*** AVAILABLE DATA Section Begins ***

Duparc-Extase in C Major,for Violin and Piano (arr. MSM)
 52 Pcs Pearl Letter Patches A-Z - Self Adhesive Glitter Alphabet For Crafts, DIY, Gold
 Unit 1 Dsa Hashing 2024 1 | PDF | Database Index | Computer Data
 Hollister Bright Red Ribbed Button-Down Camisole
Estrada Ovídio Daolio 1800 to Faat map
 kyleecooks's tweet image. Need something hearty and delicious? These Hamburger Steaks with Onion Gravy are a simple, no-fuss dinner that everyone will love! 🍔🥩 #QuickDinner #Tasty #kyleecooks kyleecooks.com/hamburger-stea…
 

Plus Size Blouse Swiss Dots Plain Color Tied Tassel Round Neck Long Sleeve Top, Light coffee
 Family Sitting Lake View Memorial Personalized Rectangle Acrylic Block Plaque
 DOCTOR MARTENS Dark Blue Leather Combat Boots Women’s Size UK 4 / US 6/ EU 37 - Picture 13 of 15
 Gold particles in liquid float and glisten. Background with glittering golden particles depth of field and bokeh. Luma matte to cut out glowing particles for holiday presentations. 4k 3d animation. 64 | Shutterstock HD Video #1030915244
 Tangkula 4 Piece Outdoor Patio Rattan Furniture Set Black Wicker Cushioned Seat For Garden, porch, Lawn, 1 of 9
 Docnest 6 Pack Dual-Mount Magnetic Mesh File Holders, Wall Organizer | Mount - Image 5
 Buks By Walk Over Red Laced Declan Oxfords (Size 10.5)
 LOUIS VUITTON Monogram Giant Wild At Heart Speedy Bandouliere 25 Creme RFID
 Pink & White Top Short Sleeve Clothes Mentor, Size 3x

*** AVAILABLE DATA Section Ends ***

→ EXERCISE DIRECTIONS
An exact reproduction of the listing is needed.

→ YOUR SOLUTION
Duparc-Extase in C Major,for Violin and Piano (arr. MSM)
 52 Pcs Pearl Letter Patches A-Z - Self Adhesive Glitter Alphabet For Crafts, DIY, Gold
 Unit 1 Dsa Hashing 2024 1 | PDF | Database Index | Computer Data
 Hollister Bright Red Ribbed Button-Down Camisole
Estrada Ovídio Daolio 1800 to Faat map
 kyleecooks's tweet image. Need something hearty and delicious? These Hamburger Steaks with Onion Gravy are a simple, no-fuss dinner that everyone will love! 🍔🥩 #QuickDinner #Tasty #kyleecooks kyleecooks.com/hamburger-stea…
 

Plus Size Blouse Swiss Dots Plain Color Tied Tassel Round Neck Long Sleeve Top, Light coffee
 Family Sitting Lake View Memorial Personalized Rectangle Acrylic Block Plaque
 DOCTOR MARTENS Dark Blue Leather Combat Boots Women’s Size UK 4 / US 6/ EU 37 - Picture 13 of 15
 Gold particles in liquid float and glisten. Background with glittering golden particles depth of field and bokeh. Luma matte to cut out glowing particles for holiday presentations. 4k 3d animation. 64 | Shutterstock HD Video #1030915244
 Tangkula 4 Piece Outdoor Patio Rattan Furniture Set Black Wicker Cushioned Seat For Garden, porch, Lawn, 1 of 9
 Docnest 6 Pack Dual-Mount Magnetic Mesh File Holders, Wall Organizer | Mount - Image 5
 Buks By Walk Over Red Laced Declan Oxfords (Size 10.5)
 LOUIS VUITTON Monogram Giant Wild At Heart Speedy Bandouliere 25 Creme RFID
 Pink & White Top Short Sleeve Clothes Mentor, Size 3x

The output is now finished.